Activity: For this task, copy all of the data below exactly and skip the pictures.

Data records:
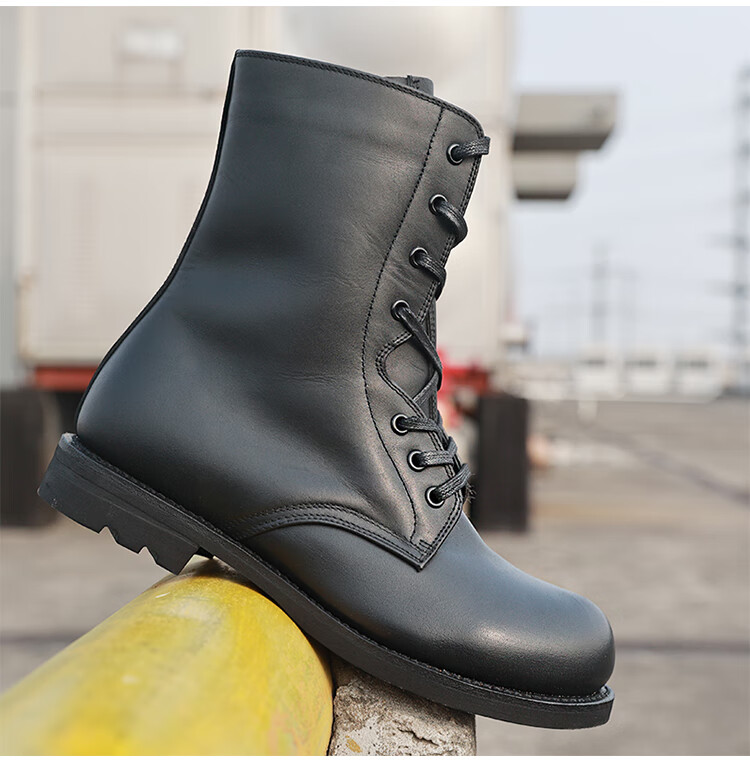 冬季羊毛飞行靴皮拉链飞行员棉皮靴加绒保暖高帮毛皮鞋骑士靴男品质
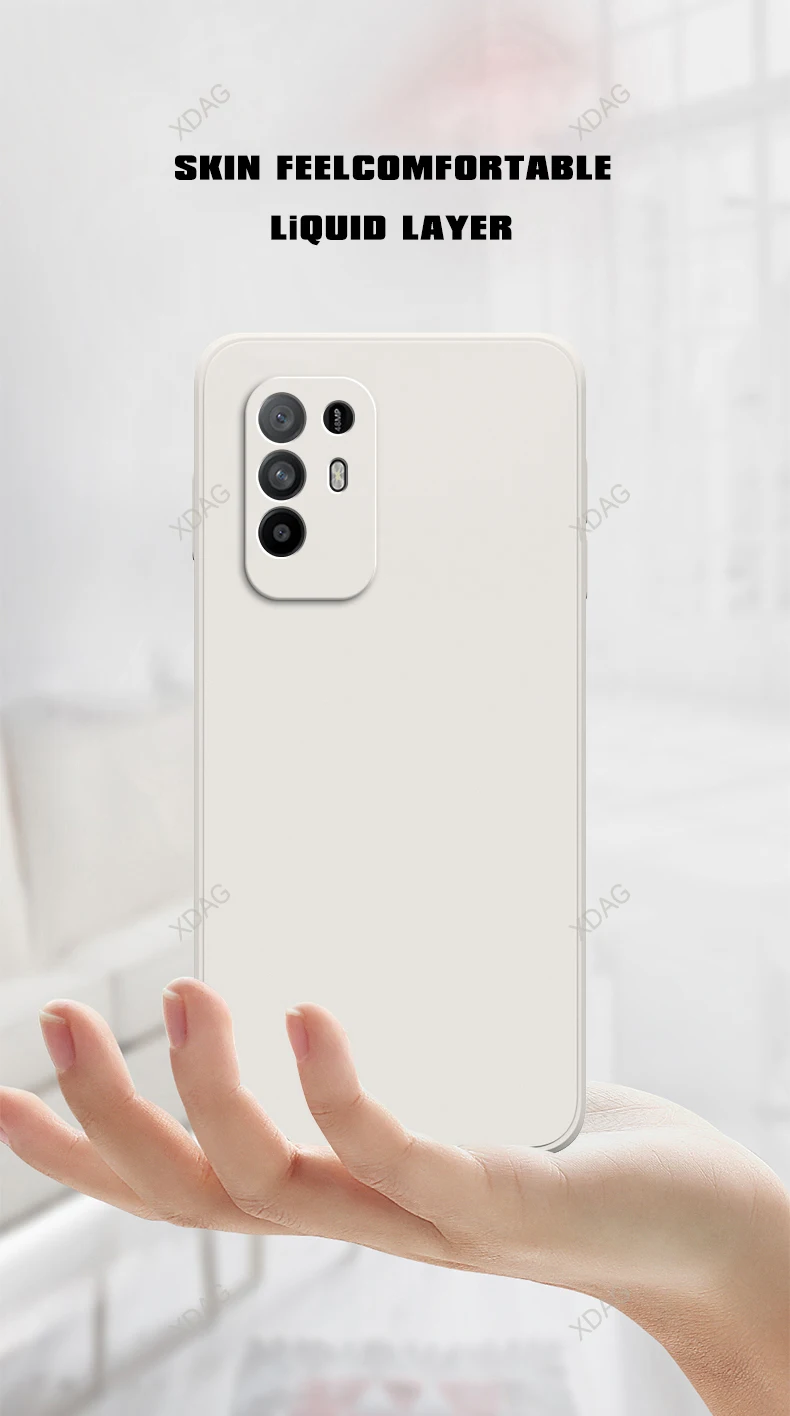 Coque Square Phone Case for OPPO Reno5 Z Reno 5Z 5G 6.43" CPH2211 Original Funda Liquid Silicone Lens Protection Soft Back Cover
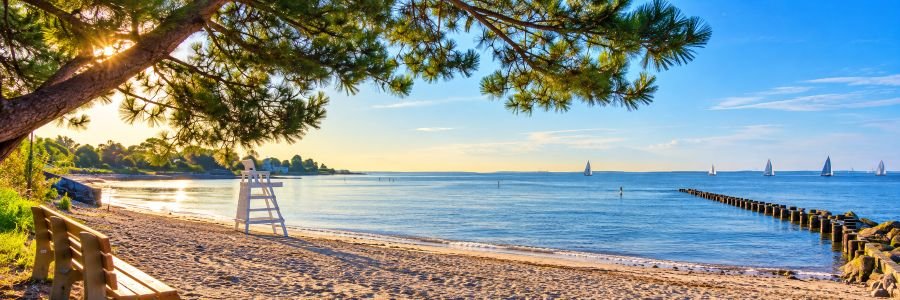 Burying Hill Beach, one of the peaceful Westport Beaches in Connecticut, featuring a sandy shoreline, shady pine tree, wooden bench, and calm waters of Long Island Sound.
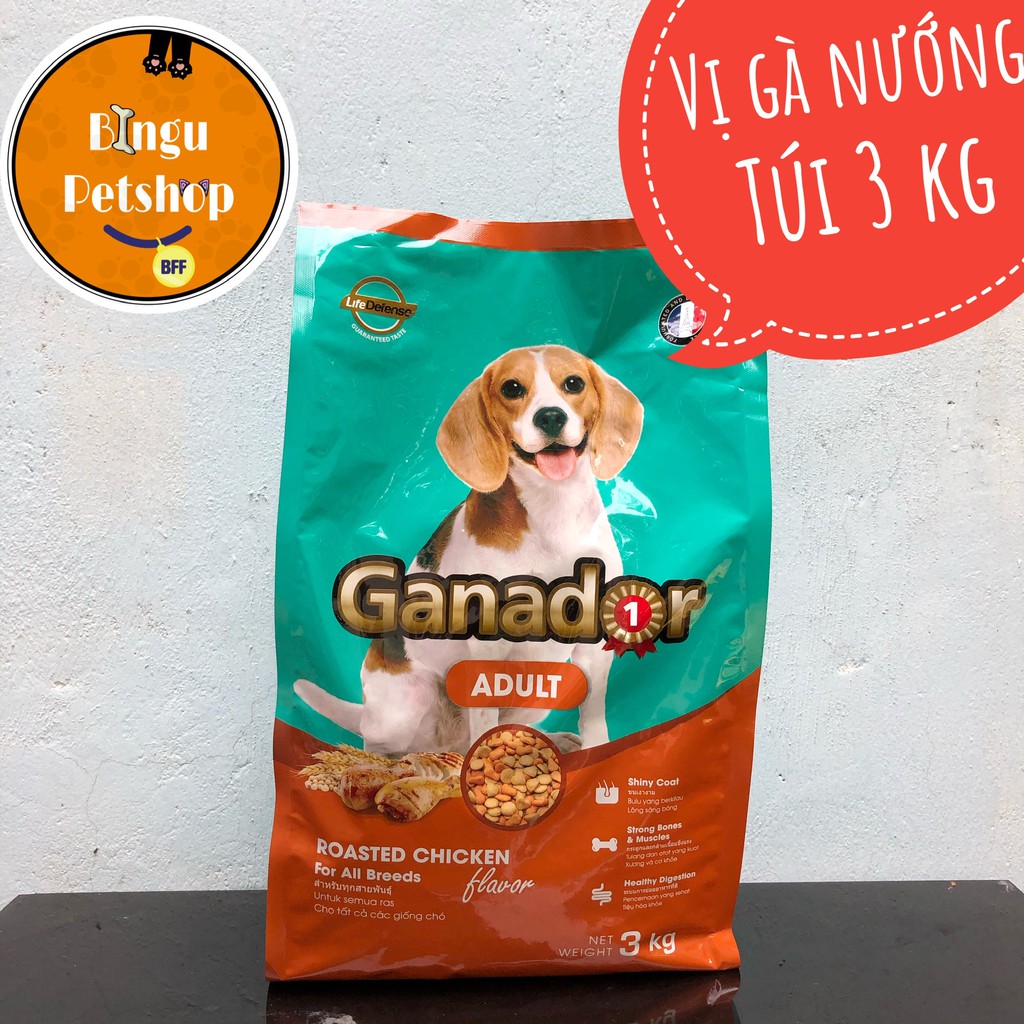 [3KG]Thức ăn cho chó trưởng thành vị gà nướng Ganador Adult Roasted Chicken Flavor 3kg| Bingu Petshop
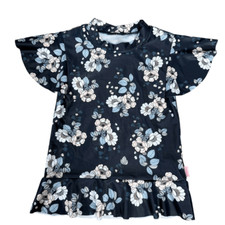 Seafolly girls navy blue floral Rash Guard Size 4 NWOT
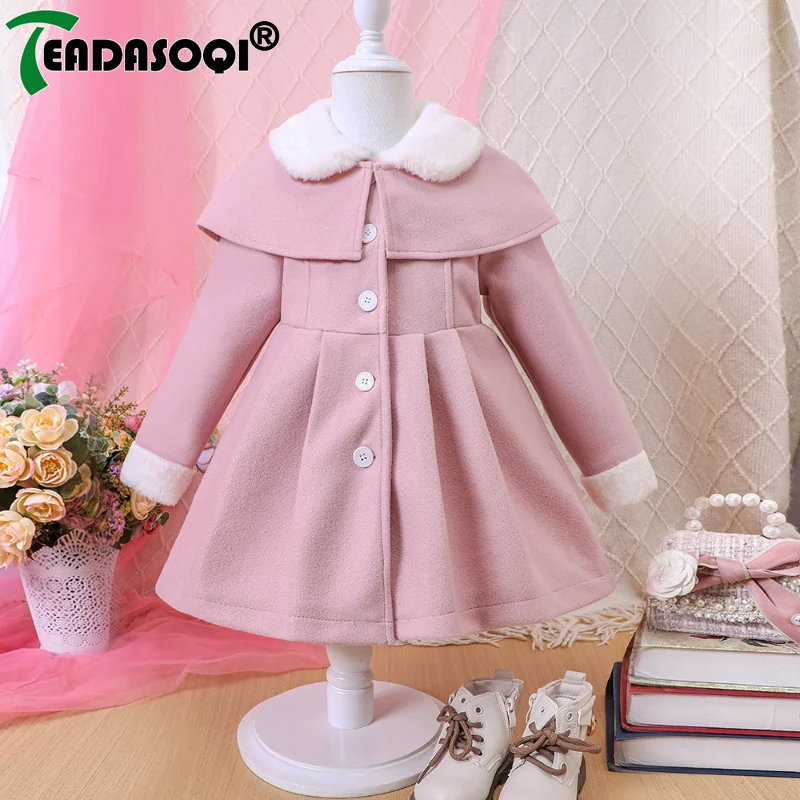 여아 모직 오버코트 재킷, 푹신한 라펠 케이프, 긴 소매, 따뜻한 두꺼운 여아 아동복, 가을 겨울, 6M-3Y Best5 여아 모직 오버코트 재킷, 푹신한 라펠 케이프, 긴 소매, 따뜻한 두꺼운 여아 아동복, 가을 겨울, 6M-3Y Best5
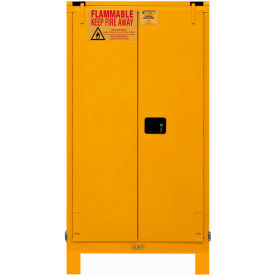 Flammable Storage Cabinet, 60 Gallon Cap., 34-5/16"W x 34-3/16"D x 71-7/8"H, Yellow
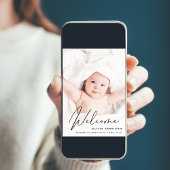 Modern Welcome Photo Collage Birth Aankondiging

Task response:
 冬季羊毛飞行靴皮拉链飞行员棉皮靴加绒保暖高帮毛皮鞋骑士靴男品质
 Coque Square Phone Case for OPPO Reno5 Z Reno 5Z 5G 6.43" CPH2211 Original Funda Liquid Silicone Lens Protection Soft Back Cover
 Burying Hill Beach, one of the peaceful Westport Beaches in Connecticut, featuring a sandy shoreline, shady pine tree, wooden bench, and calm waters of Long Island Sound.
 [3KG]Thức ăn cho chó trưởng thành vị gà nướng Ganador Adult Roasted Chicken Flavor 3kg| Bingu Petshop
 Seafolly girls navy blue floral Rash Guard Size 4 NWOT
 여아 모직 오버코트 재킷, 푹신한 라펠 케이프, 긴 소매, 따뜻한 두꺼운 여아 아동복, 가을 겨울, 6M-3Y Best5 여아 모직 오버코트 재킷, 푹신한 라펠 케이프, 긴 소매, 따뜻한 두꺼운 여아 아동복, 가을 겨울, 6M-3Y Best5
 Flammable Storage Cabinet, 60 Gallon Cap., 34-5/16"W x 34-3/16"D x 71-7/8"H, Yellow
 Modern Welcome Photo Collage Birth Aankondiging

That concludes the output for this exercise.